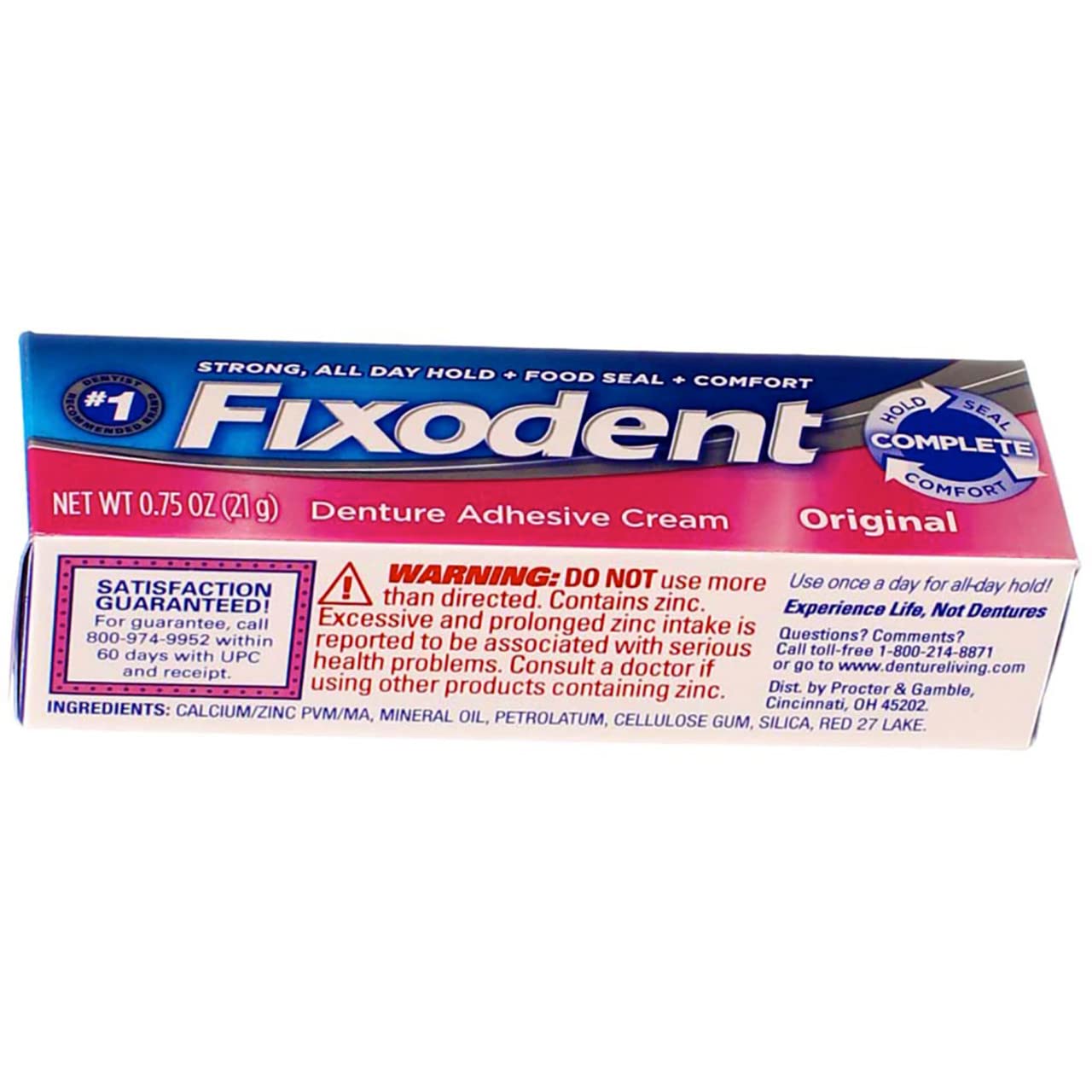 Fixodent Denture Adhesives Cream Original 0.75 oz – Pack of 6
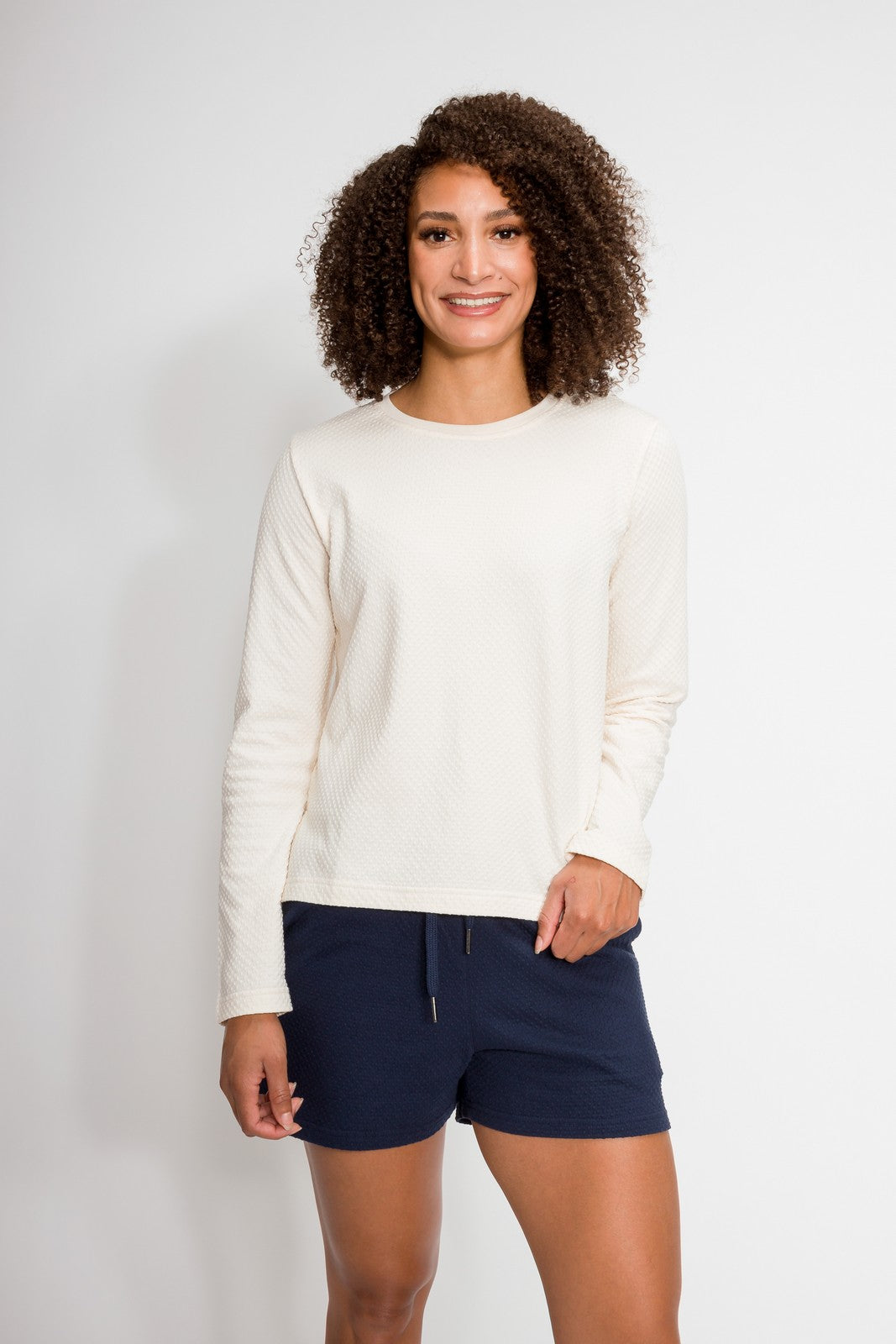 Emma | Women's Bubble Knit Crew Neck Sweatshirt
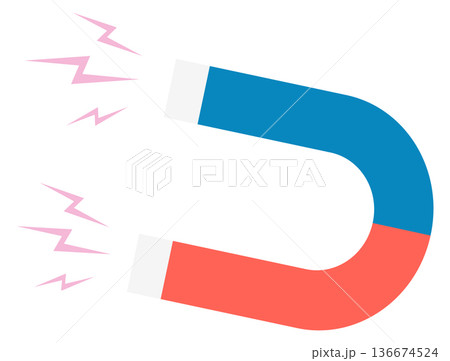 Magnet color icon. Attraction force. Physics power 136674524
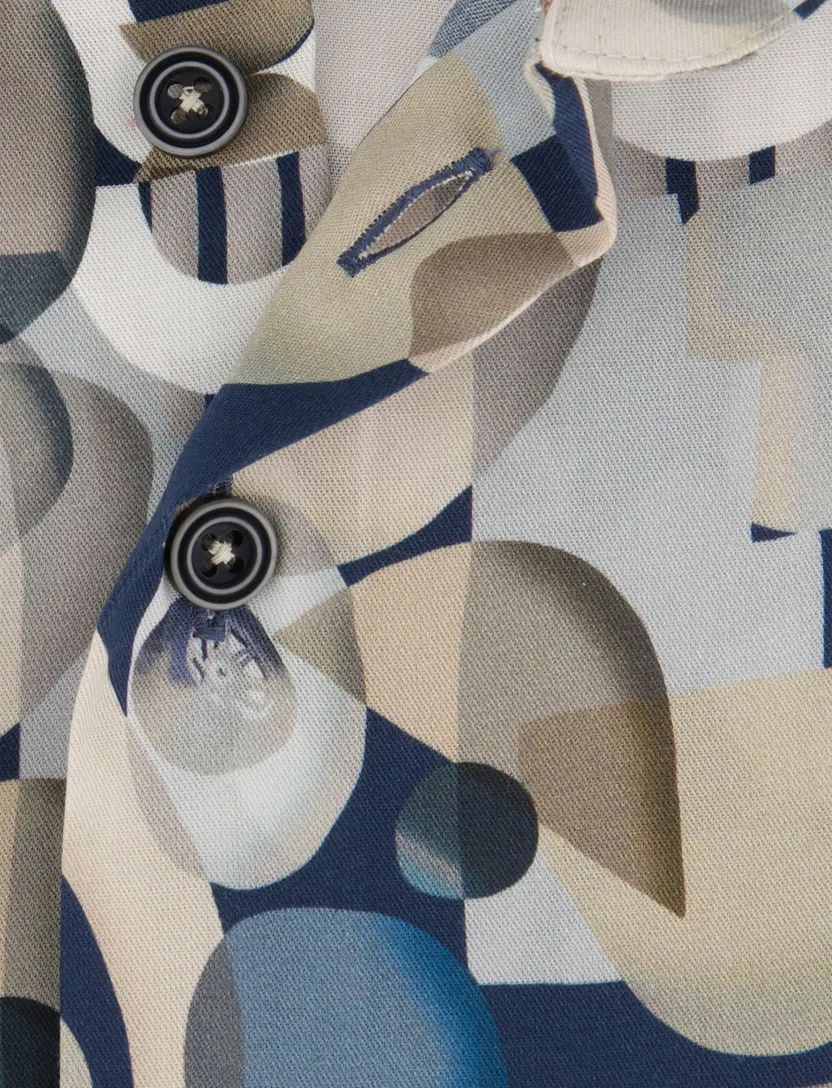 Overhemd R2 beige grafisch print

> **Exercise instructions**:
Every line in the data above needs to be given again exactly, pictures aside.

> **Answer for the task**:
 Fixodent Denture Adhesives Cream Original 0.75 oz – Pack of 6
 Emma | Women's Bubble Knit Crew Neck Sweatshirt
 Magnet color icon. Attraction force. Physics power 136674524
 Overhemd R2 beige grafisch print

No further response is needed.